Data excerpts:
* * * * *
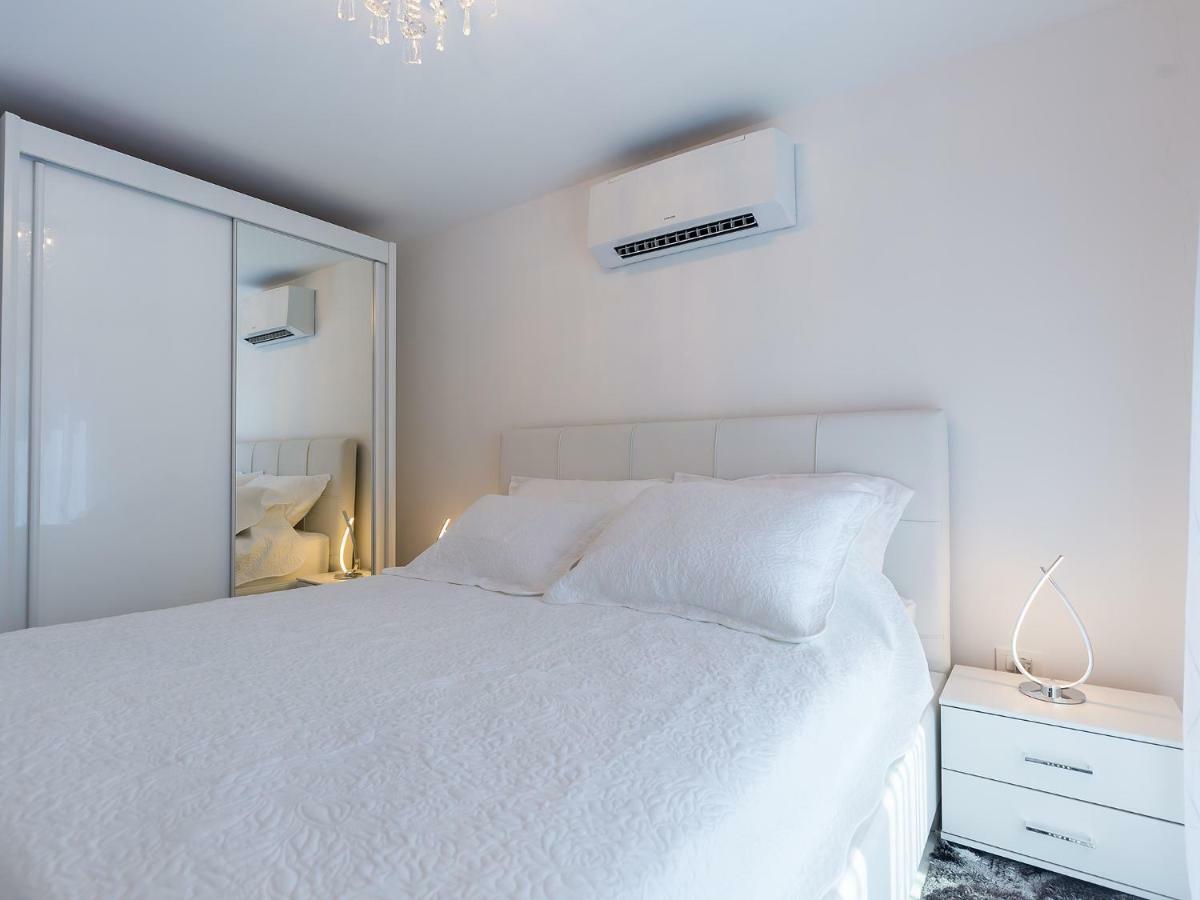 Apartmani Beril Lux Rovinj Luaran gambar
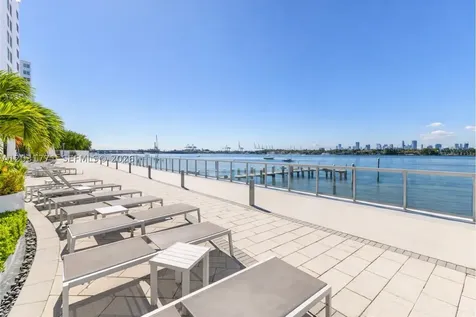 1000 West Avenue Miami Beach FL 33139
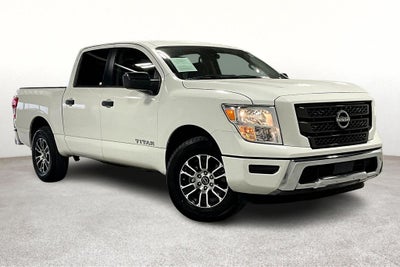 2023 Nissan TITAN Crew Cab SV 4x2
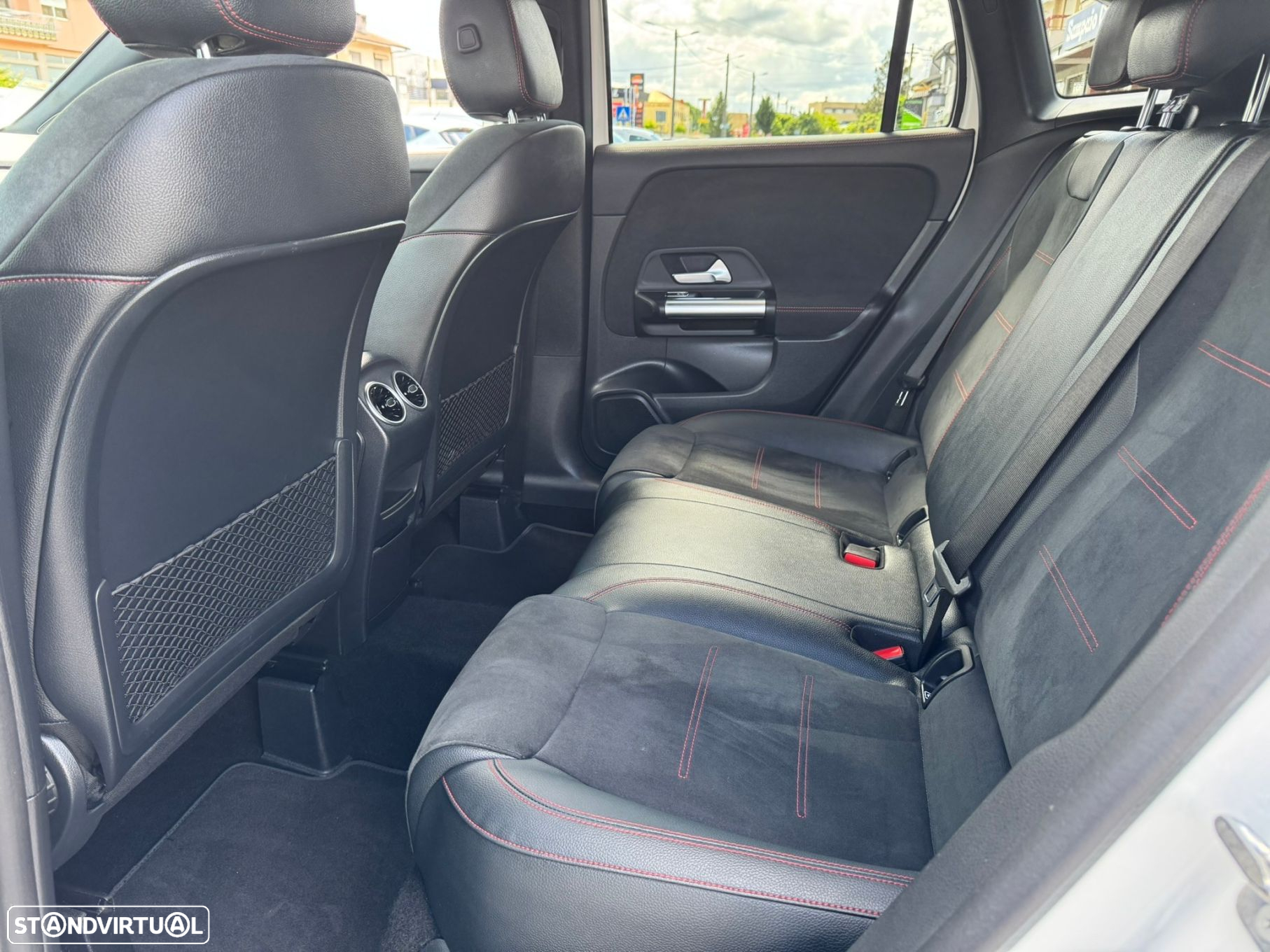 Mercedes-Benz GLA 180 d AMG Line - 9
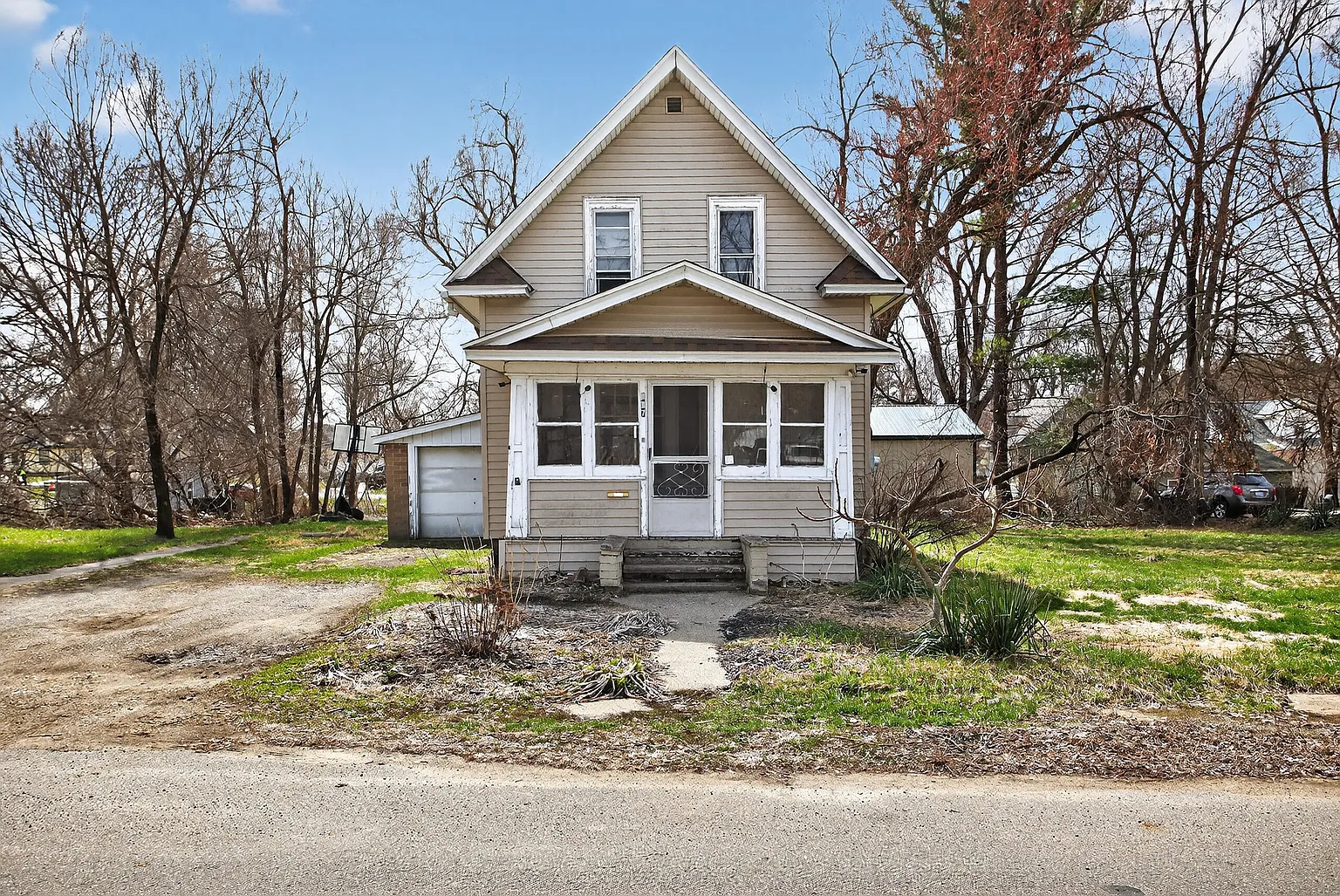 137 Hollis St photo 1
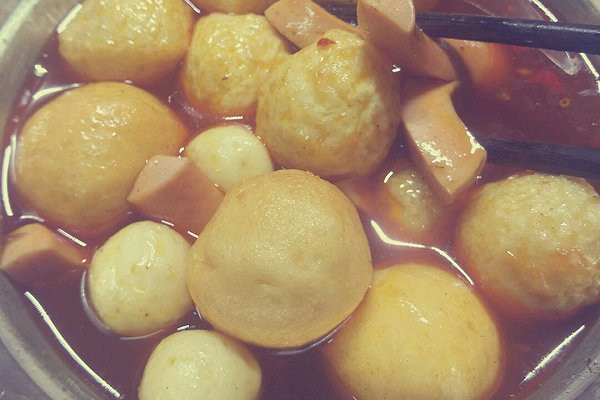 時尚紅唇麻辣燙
* * * * *
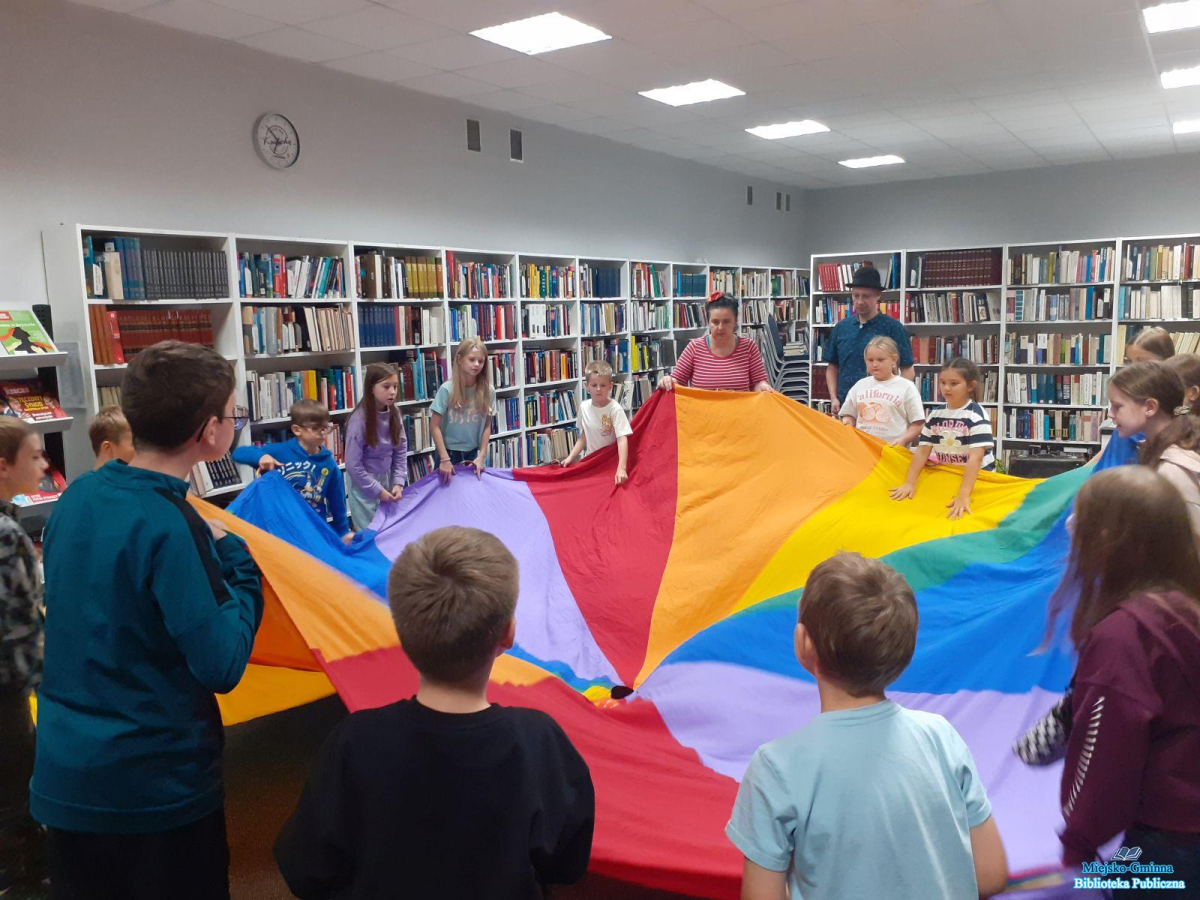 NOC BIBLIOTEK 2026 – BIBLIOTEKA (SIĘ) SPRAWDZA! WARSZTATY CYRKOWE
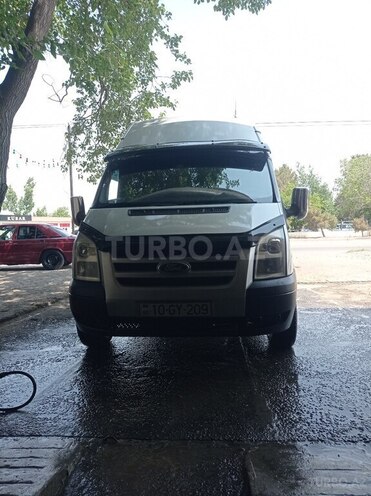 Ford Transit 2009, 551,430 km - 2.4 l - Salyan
* * * * *
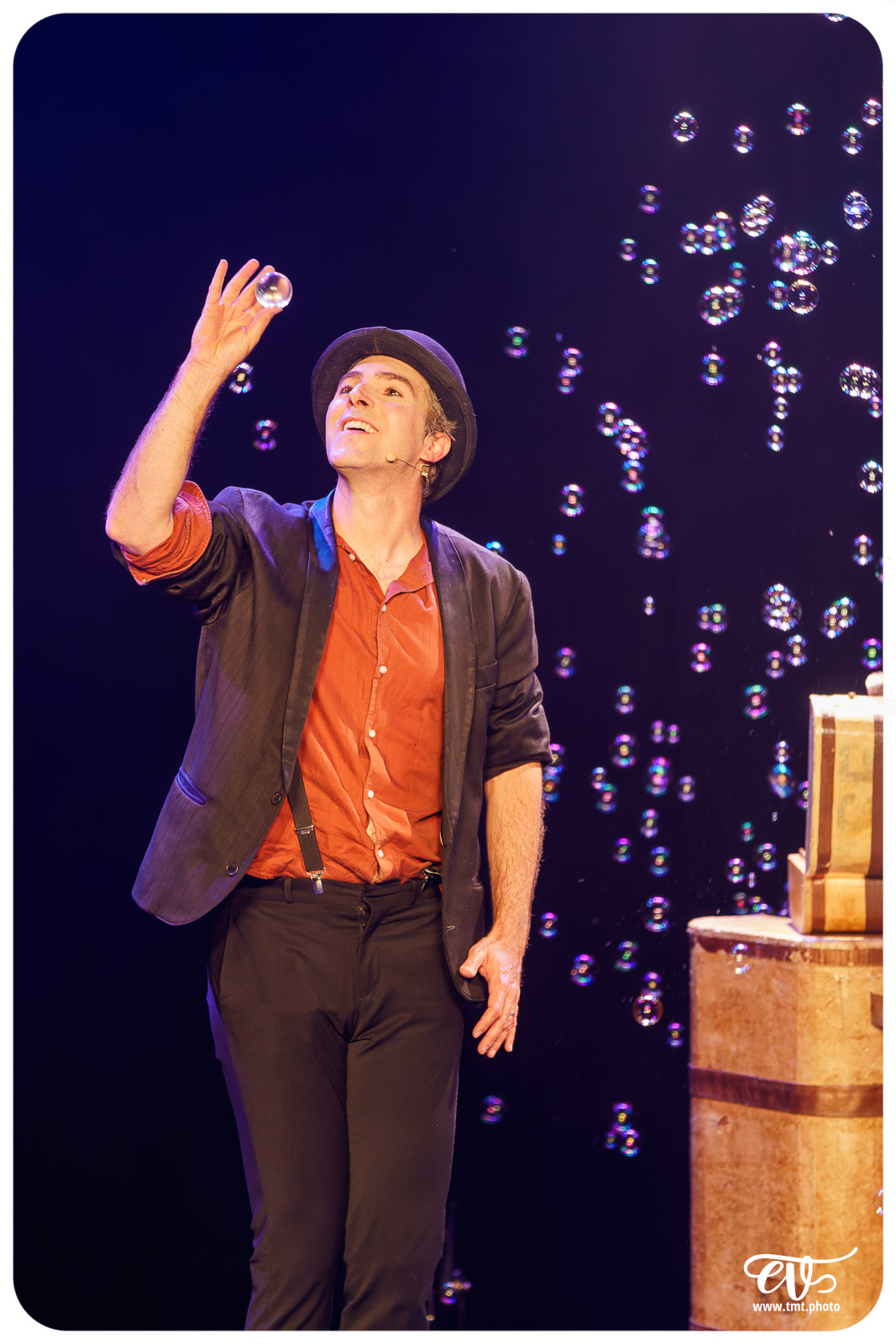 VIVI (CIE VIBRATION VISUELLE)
* * * * *
To do:
Although pictures appear among the records above, none are to be output; print exactly the lines from the line containing "NOC BIBLIOTEK 2026" through the line containing "Ford Transit 2009, 551,430".

Expected answer:
 NOC BIBLIOTEK 2026 – BIBLIOTEKA (SIĘ) SPRAWDZA! WARSZTATY CYRKOWE
 Ford Transit 2009, 551,430 km - 2.4 l - Salyan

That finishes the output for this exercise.